Maybe there is something new to be passionate about?  I don't know.  Haven't come across it yet.  The new paradigm might be to inspire and help others, but I don't feel I have gotten where I need to be in my own life. I guess I haven't gone all the way with any of them, exploring to the fullest.  Closest to that is my writing due to many years of experience and experimentation, but my passion was ruined by the publishers' need for conformity, and it killed my creativity at the time.  I don't blame anyone.  I went along with their guidelines to keep making money, but then I burned out.  It took me a long time to get some kind of joy out of my writing again. I enjoy my current writing project, and the ideas are coming.  However...

Is it possible to feed three interests, or do I need to stick with one to succeed, and which one would it be?  I've been struggling with that decision for a while. Meanwhile, all three are moving forward, but I'm thinking I'm diluting my energy. Any opinions, folks?  I need help here...  Thanks.  

Sunday, August 29, 2010

Even clumsy birds fly free....

I was thinking the other day that "freedom" means a lot to me.  Besides "love" it's up there on the scale of importance.  My business partner bought my part in the furniture store so I'm free to ponder at the crossroads, breathe free for a while.  I love spending the day without schedule or obligations.  Get up in my jammies and sit down at the computer or in my studio and do all the things I love to do.  Creativity of all kinds flow freely in an relaxed body and mind.  That's how we're meant to live--Free!

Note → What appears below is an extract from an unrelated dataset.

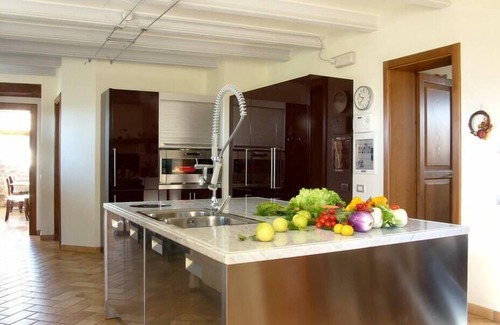 Amandola House | Country house with view of the Sibillini Mountains and swimming pool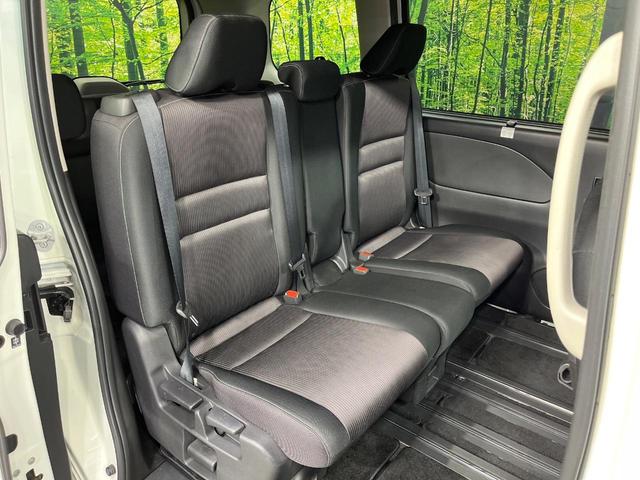 セレナ ハイウェイスター　Ｖセレクション　禁煙車　両側電動ドア　純正９型ＳＤナビ　１１型後席モニター　全周囲カメラ　プロパイロット　衝突被害軽減システム　レーダークルーズ　ドラレコ　コーナーセンサー　ＬＥＤヘッド　ＥＴＣ　デジタルインナーミラ（9枚目）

I'm the queen of my own domain so to speak, not some CEO or other boss, or a friend telling me what they think I should be doing.  When I don't have to be some place at a certain time, I can listen to my intuition and go with the flow.  People's intuition has been clouded for centuries due to schedules and obligations.  I'm not against those per se, but they only work if we love what we do.  I have given way too many years to jobs and careers that I didn't love, but I've also worked for years with things I do love, and I intend to stay that way now. Let my God-given gifts rule!  Be my own boss, create income where I can be my own boss, and continue with my two greatest passions, art and writing!

We have made it so difficult for ourselves as we struggle in this world of unceasing toil.  Do you think that was the purpose for coming here when we were given that first breath at birth?  I think we were meant to be free and follow that guidance inside.  That part was never acknowledged though.  Sadly, it gets completely covered up as we go through school.

I have been writing a lot, but I snuck in some art last week.  I made a mini book for the Cloth Paper Scissors' challenge.  The front and back covers are cardboard with lots of collage and paint. The inside covers are hand-painted fabric.  I sewed some brown paper bag pages inside, and it became an artistic goal setting journal for 2011.  I have a friend who is a fantastic artist, but she always shortchanges herself with her art.  Making money is more important than her creative expression.  I can understand the necessity of a regular paycheck, but the choice to always put that first comes from fear.  It may be an excuse not to create.  There's no real security in a regular paycheck, just as the job could be gone tomorrow.  I have friends who work regular jobs and still manage to create every day, but they are the exception.  She's getting the book for Christmas!  :)
 
What's your most cherished word?



Monday, April 13, 2009

Got a bit of creativity in this last week...







Ye friends,






I'm happy to announce that I finally got some creativity going again. Made some of my mosaic boxes, and these ones are small, about 3" x 3." They are cute that size. I've been doing a lot of other stuff-- painting furniture for one, but I consider that more of a job than a creative outlet. I'm also into art journaling but I don't like any of my entries... But it's fun to start without a plan and see where it leads. Will post some pictures of those soon.